§ **TASK REQUIREMENTS**
Return the stretch from the line with "used 2022 Ford Edge car, priced at $31,685" through the line with "Silver gray metallic" in the data below, character for character, skipping all pictures.

START SUPPLIED INFORMATION

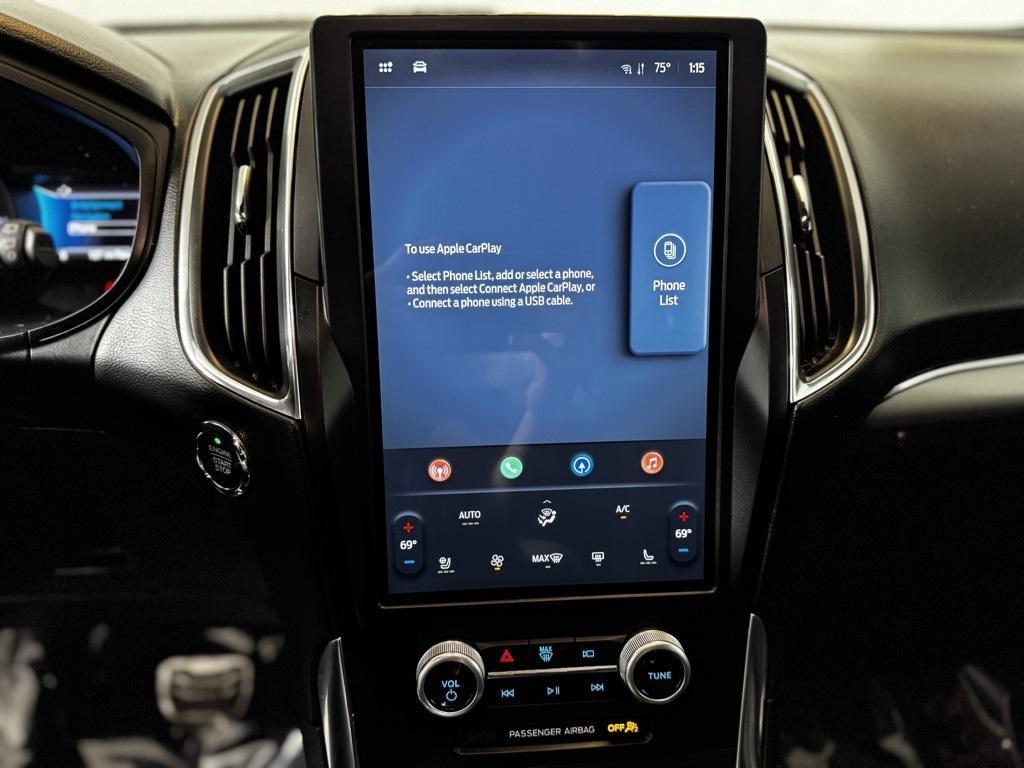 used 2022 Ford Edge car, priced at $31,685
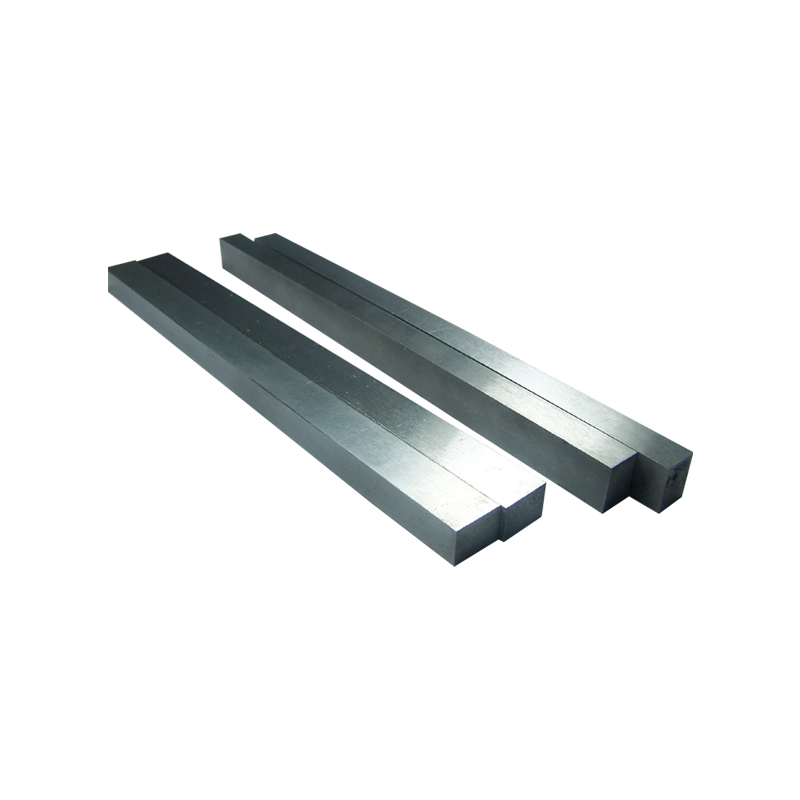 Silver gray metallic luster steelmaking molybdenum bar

END SUPPLIED INFORMATION
START SUPPLIED INFORMATION

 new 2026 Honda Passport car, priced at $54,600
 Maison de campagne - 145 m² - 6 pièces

END SUPPLIED INFORMATION

§ **RESPONSE TO THIS EXERCISE**
 used 2022 Ford Edge car, priced at $31,685
 Silver gray metallic luster steelmaking molybdenum bar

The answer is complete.